• _INPUT DATA_:

*** Begin section ***

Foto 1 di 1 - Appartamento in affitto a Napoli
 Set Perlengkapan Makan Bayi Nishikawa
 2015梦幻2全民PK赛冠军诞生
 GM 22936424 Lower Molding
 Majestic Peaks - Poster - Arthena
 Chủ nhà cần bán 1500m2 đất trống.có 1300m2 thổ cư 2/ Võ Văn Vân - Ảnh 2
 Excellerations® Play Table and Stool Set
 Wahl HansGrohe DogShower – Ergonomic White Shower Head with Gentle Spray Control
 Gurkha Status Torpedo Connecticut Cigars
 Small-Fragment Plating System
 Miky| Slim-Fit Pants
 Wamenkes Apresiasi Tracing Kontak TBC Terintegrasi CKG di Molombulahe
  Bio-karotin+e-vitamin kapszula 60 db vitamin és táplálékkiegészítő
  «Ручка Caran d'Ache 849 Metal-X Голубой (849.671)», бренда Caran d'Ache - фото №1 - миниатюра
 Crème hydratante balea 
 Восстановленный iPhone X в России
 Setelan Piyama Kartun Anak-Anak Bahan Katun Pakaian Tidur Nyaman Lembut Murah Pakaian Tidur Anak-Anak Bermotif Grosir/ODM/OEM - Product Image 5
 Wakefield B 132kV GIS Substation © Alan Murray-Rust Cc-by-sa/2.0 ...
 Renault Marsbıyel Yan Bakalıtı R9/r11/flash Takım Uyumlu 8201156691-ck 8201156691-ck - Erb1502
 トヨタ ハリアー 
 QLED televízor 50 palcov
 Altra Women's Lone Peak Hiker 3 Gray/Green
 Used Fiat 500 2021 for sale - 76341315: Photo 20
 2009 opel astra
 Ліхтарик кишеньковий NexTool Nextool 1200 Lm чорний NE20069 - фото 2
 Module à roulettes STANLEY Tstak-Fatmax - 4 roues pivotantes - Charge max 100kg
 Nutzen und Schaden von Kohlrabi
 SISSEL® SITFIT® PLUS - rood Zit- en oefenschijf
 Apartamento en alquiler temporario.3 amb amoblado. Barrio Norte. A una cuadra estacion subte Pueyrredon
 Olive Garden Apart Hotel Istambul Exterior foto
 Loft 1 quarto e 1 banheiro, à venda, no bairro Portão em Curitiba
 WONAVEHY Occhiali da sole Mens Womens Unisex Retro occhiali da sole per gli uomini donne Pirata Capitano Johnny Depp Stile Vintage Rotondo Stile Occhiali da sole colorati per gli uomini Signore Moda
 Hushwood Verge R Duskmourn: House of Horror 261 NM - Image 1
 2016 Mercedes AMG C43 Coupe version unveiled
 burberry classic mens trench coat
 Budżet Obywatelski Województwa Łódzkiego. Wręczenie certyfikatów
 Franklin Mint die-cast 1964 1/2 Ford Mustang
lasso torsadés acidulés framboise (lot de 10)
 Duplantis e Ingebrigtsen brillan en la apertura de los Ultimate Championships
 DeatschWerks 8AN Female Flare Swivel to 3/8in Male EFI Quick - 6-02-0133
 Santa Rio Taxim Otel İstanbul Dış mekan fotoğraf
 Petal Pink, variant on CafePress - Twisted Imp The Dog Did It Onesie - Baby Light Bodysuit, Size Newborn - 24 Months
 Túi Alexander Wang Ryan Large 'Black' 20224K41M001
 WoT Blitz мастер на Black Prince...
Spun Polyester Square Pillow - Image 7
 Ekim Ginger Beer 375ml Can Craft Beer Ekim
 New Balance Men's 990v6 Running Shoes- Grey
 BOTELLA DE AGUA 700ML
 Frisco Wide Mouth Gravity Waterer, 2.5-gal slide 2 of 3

*** End section ***

• _WHAT NEEDS TO BE DONE_: Copy out the lines above exactly, beginning at the one that contains "Setelan Piyama Kartun" and ending at the one that contains "Wakefield B 132kV".

• _RESPONSE TO THIS EXERCISE_:
 Setelan Piyama Kartun Anak-Anak Bahan Katun Pakaian Tidur Nyaman Lembut Murah Pakaian Tidur Anak-Anak Bermotif Grosir/ODM/OEM - Product Image 5
 Wakefield B 132kV GIS Substation © Alan Murray-Rust Cc-by-sa/2.0 ...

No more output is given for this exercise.